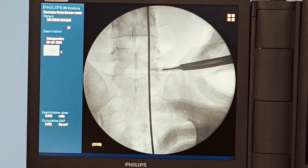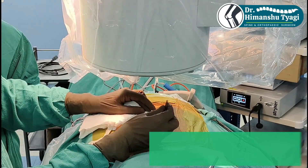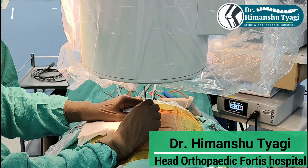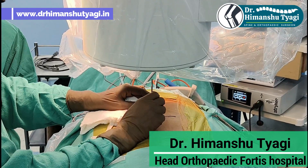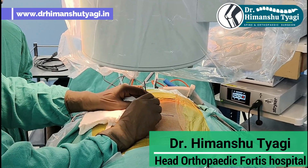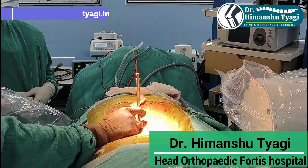First we mark the level where we have to do the surgery. Then we give a small incision which is almost 7 mm in size — almost the size of a fingernail. Through that incision we put serial dilators.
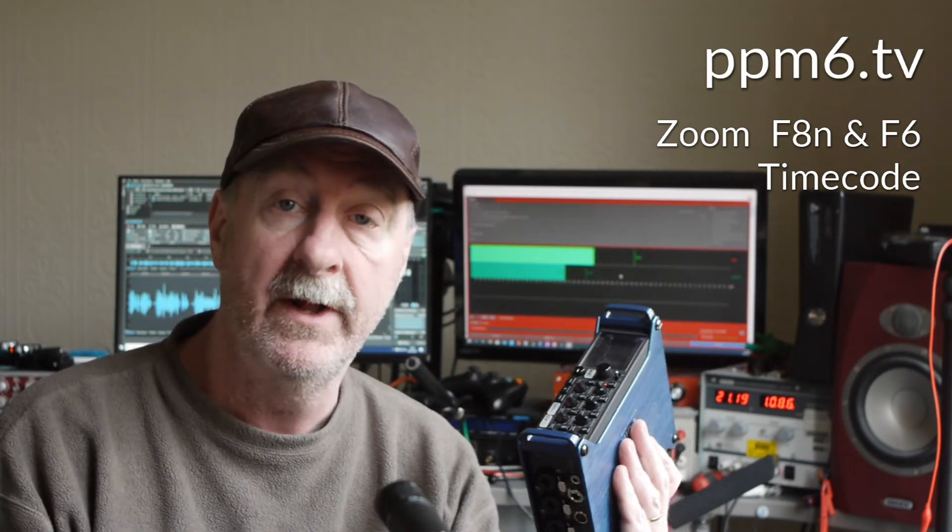Hello Squirrels and welcome to PPM6TV. Today's topic is the Zoom F-Series Recorder's timecode operation. I'm returning to this subject — a favourite of mine — for two reasons. One, I have the F8N on loan from Martin at Soundkit. Thank you Martin, and I'll put a link to Soundkit down below.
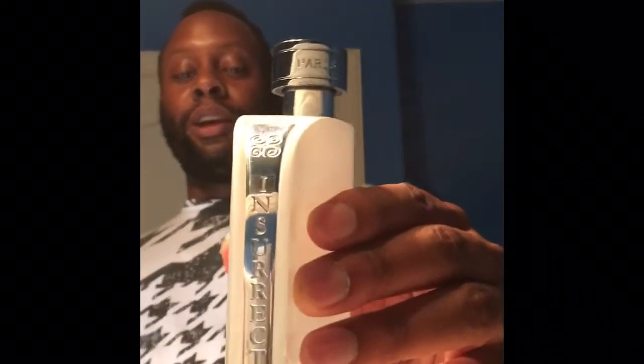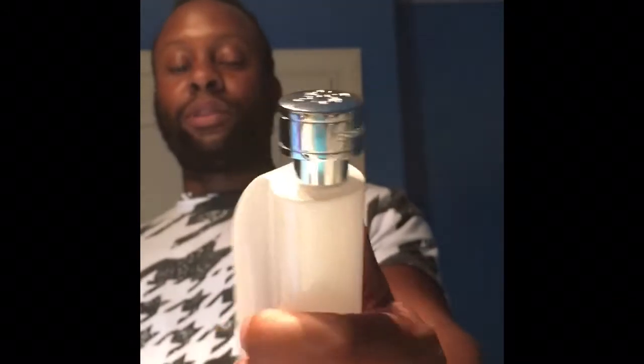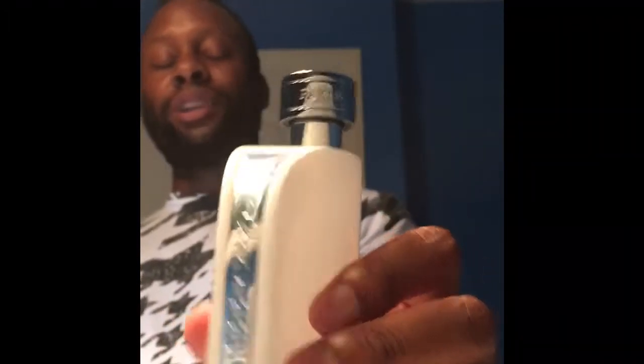I've been using this a lot — check out this really cool bottle. I got this for about 23 dollars shipped, so it's very, very inexpensive. I actually prefer this to Aventus, which I love.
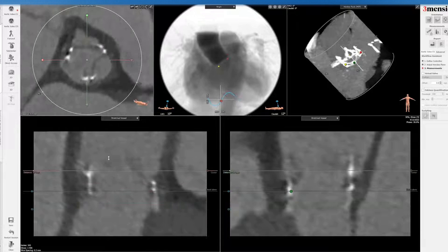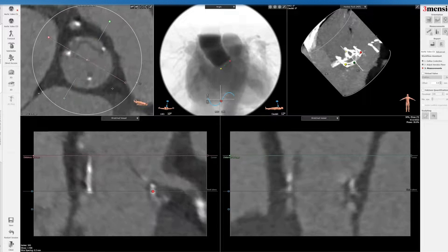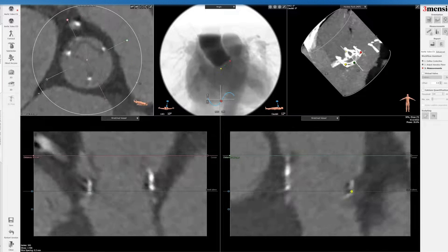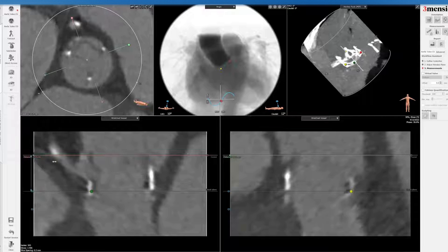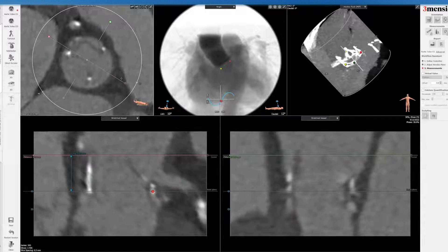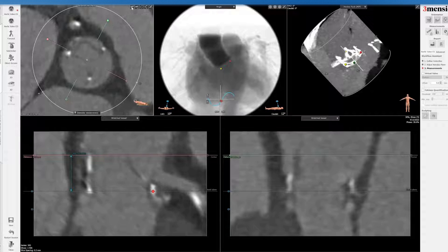I'm going to go up to the STJ. You can see this patient has a very small root. I'm going to use the open circle to swing around. You can see the sinus height is basically 10 millimeters. When you go to the left main, you can see that here. I'll use the ruler times two to measure the STJ, which is again pretty small — 23 to 24 millimeters.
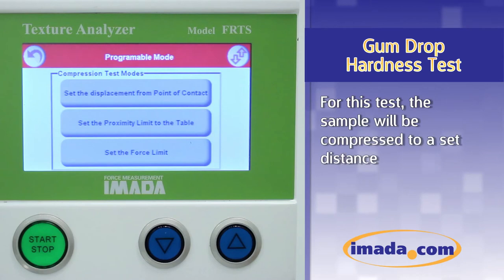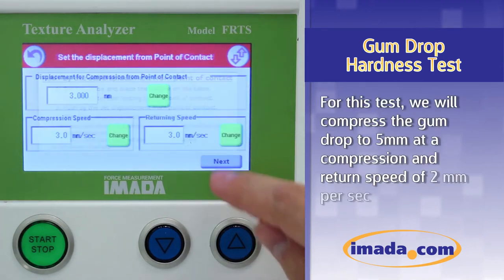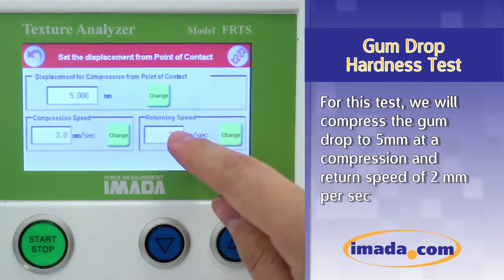For this test, the sample will be compressed to a set distance. On the next screen, the test parameters are set. For this test, we will compress the gumdrop to 5 millimeters at a compression and return speed of 2 millimeters per second.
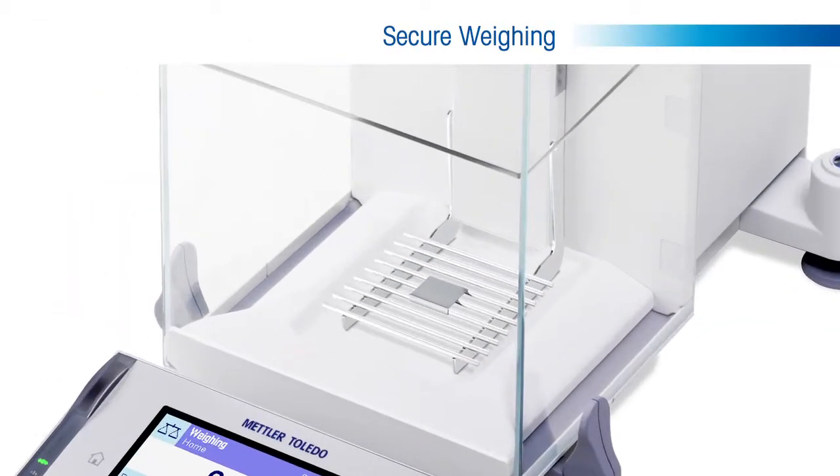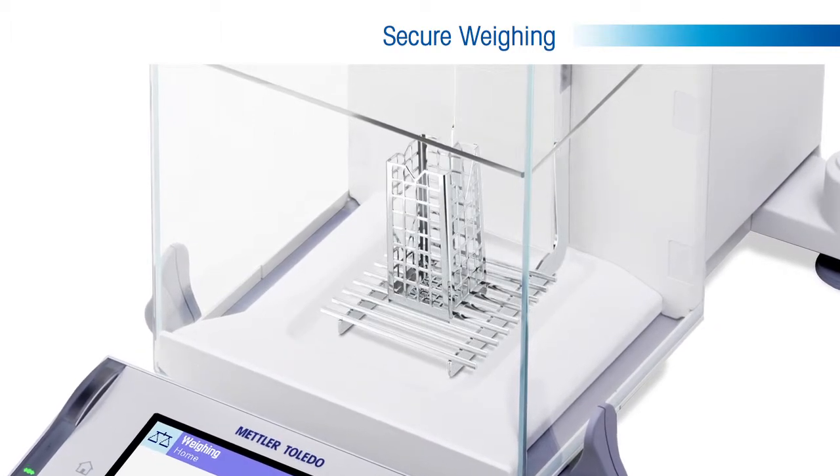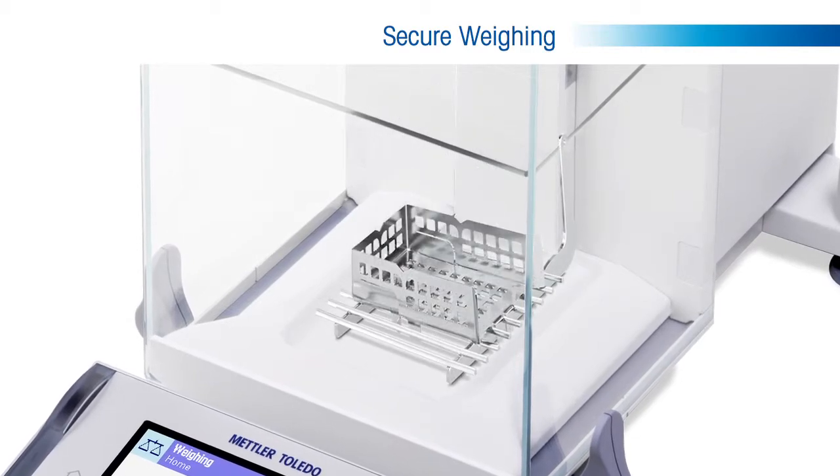Nearly all samples must be weighed with some type of tare container, and it is often a challenge to find the proper one for your sample that also works cohesively with the balance.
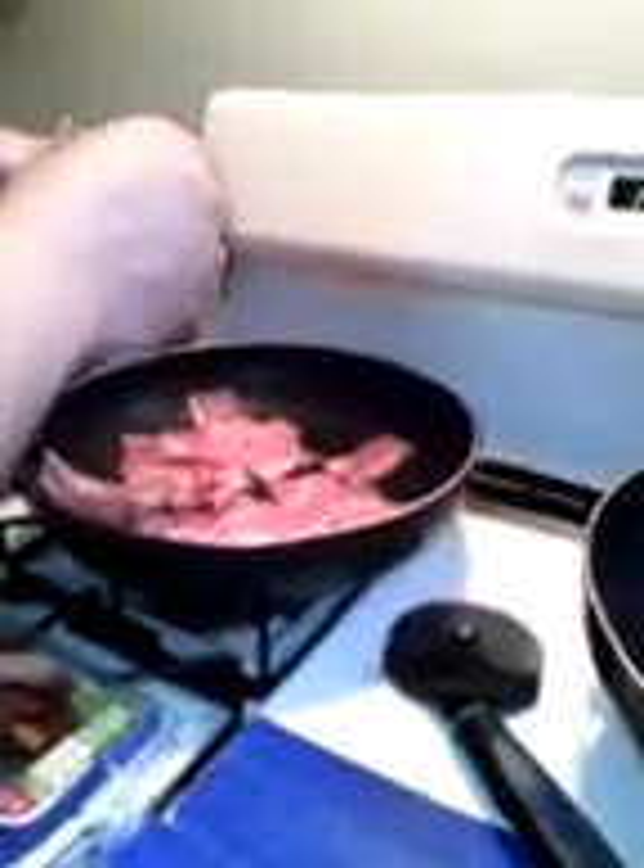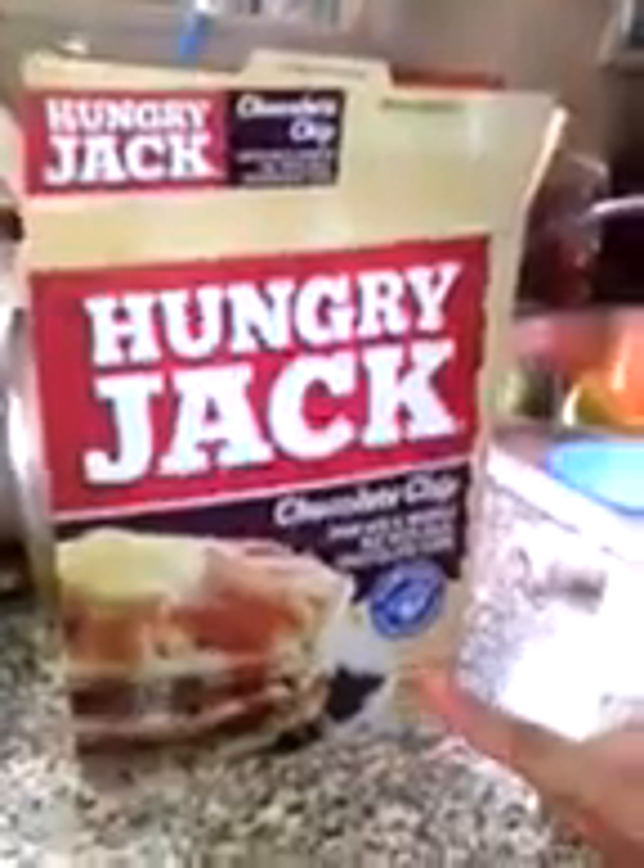Let me turn on the fire. I'm doing pancakes and bacon — chocolate chip pancakes. I'm going to attempt a different style of making them today. I usually just mix in a bowl and spoon it out, but today I'm doing something else. I have my beautiful baby girl recording! I'm making Hungry Jack — I bought this for $1.99 at Shop Rite, and the bacon cost me three for five.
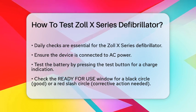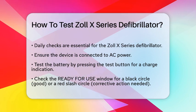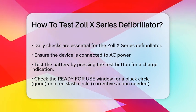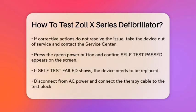Next, look at the ready-for-use window. If you see a black circle, you're good to go. If you see a red slash circle, take the corrective action displayed on the screen, such as replacing expired pads or connecting to AC power. If the black circle doesn't appear after taking corrective action, take the device out of service and call the service center.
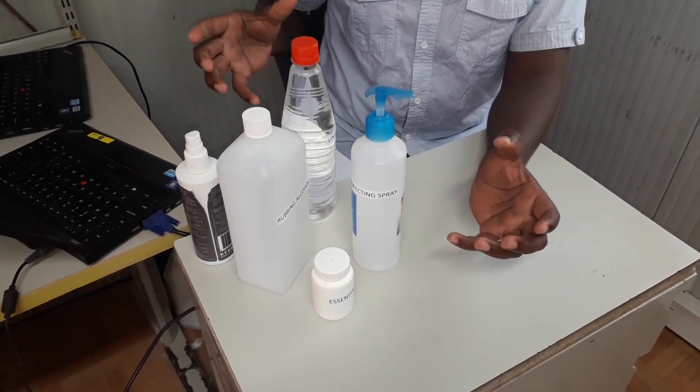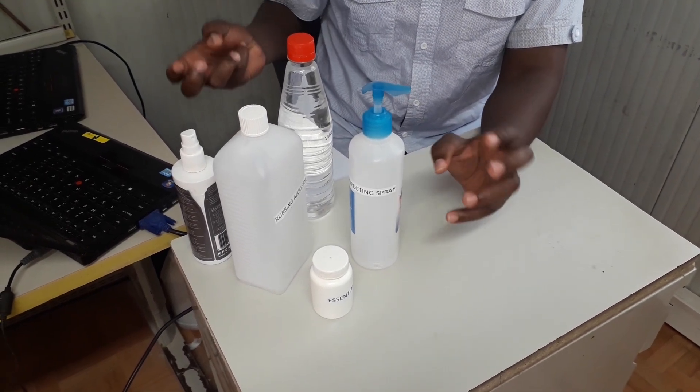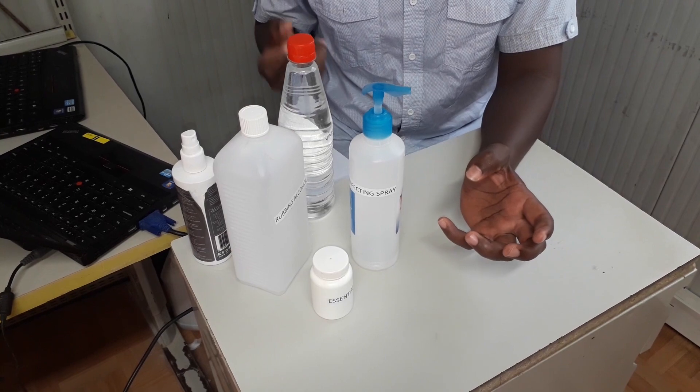In this mixture, you're going to have rubbing alcohol, vinegar, and essential oil. So let's begin.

◆ ◆ ◆

WORK ITEM
The reply should hold the entries above from the line with "I'm going to go" to the line with "Let me turn", duplicated exactly, pictures excluded.

WRITTEN RESPONSE
I'm going to go up to the STJ. You can see this patient has a very small root. I'm going to use the open circle to swing around. You can see the sinus height is basically 10 millimeters. When you go to the left main, you can see that here. I'll use the ruler times two to measure the STJ, which is again pretty small — 23 to 24 millimeters.
For this test, the sample will be compressed to a set distance. On the next screen, the test parameters are set. For this test, we will compress the gumdrop to 5 millimeters at a compression and return speed of 2 millimeters per second.
Nearly all samples must be weighed with some type of tare container, and it is often a challenge to find the proper one for your sample that also works cohesively with the balance.
Let me turn on the fire. I'm doing pancakes and bacon — chocolate chip pancakes. I'm going to attempt a different style of making them today. I usually just mix in a bowl and spoon it out, but today I'm doing something else. I have my beautiful baby girl recording! I'm making Hungry Jack — I bought this for $1.99 at Shop Rite, and the bacon cost me three for five.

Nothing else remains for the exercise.